Abstract

This article examines selected works by American visual artist Mary Kelly (b. 1941) through the category of the home. Home is theorized both as a physical structure, which shapes female subjects’ identity and their life practice, and a profoundly conflicted symbolic site of struggle that allows for a renegotiation of the social contract. The article reads Kelly’s early works, Antepartum (1973) and Post-Partum Document (1973-79), understanding home as a mytho-physical dwelling place, the mother’s body, which the artist presents as ideologically interpellated and, at the same time, problematized by her own experience. Kelly’s later work, Interim (1984-89), is discussed as juxtaposing received ideas concerning femininity with the voices of women who fail to fulfill them, and thus are rendered symbolically homeless. Symbolic homelessness seems also pivotal to the 1992 Gloria Patri, in which the artist exposes the cultural alienation of women who enter the military. The 1991 Mea Culpa and the 2001 Ballad of Kastriot Rexhepi also take up the subject of cultural homelessness.

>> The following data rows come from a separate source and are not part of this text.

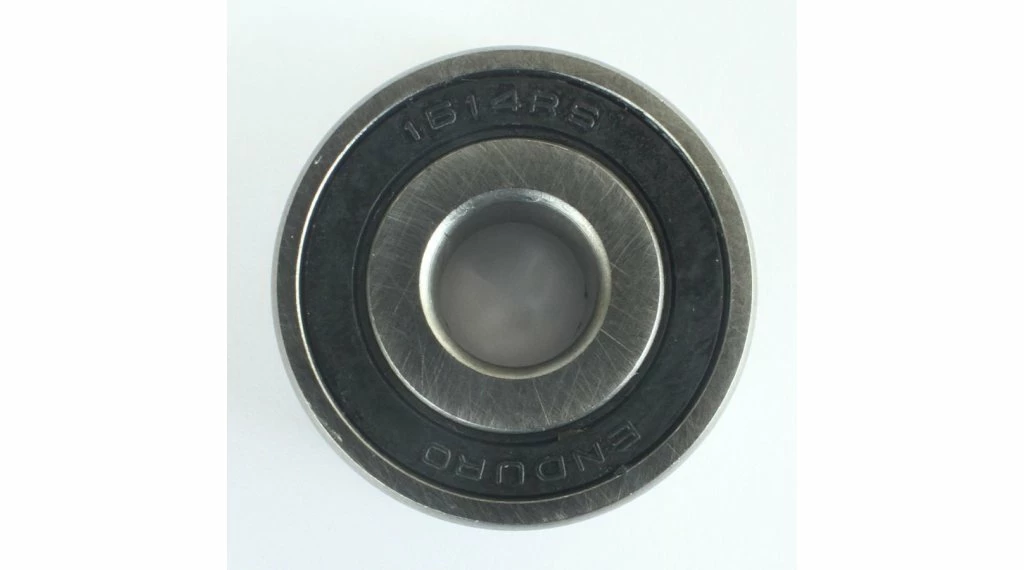 Enduro Bearings 1614 2RS ABEC 3 Roulement à Billes 3/8x1 1/8x3/8"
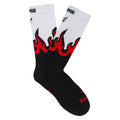 FLAME - RED SOCK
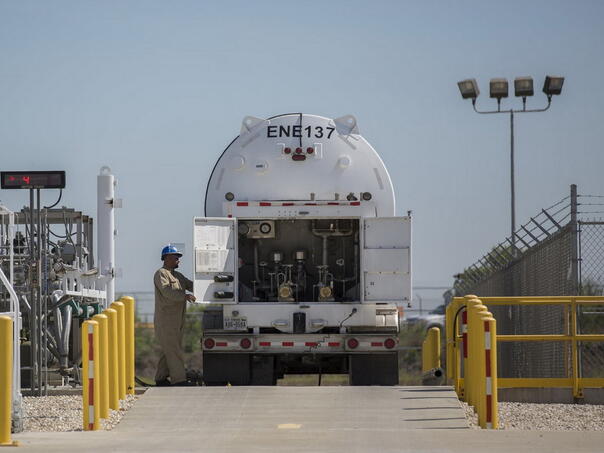 Cijene prirodnog gasa u januaru porasle za više od 40 posto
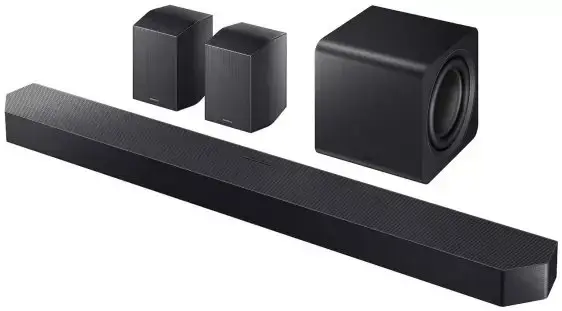 Samsung Q-series HW-Q990H 11.1.4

Here, the artist addresses traumatic dimensions of military conflicts, which she understands as tightly connected to the victims’ tattered or lost ethnic and national identity. In the 2005-07 Love Songs, Kelly changes her focus to envision home as a physical and semantic vessel for the 1970s women?s movement voices, which, in her installation, are united by a transparent home-like structure. Finally, in the 2010-12 Habitus, co-authored by Ray Barrie, the artist returns to the subject of home, which, in this case, is profoundly disturbed by the lingering context of the Cold War. This article discusses Kelly’s diverse uses of the home along the lines of art theory, psychology of the object, and feminist criticism (Nancy K. Miller, Luce Irigaray and Julia Kristeva) in order to present their social and political implications. It understands home as evoking (utopian?) associations of eternal return or a desired horizon, towards which the spectators are encouraged to travel both through their memory-work and life-activism.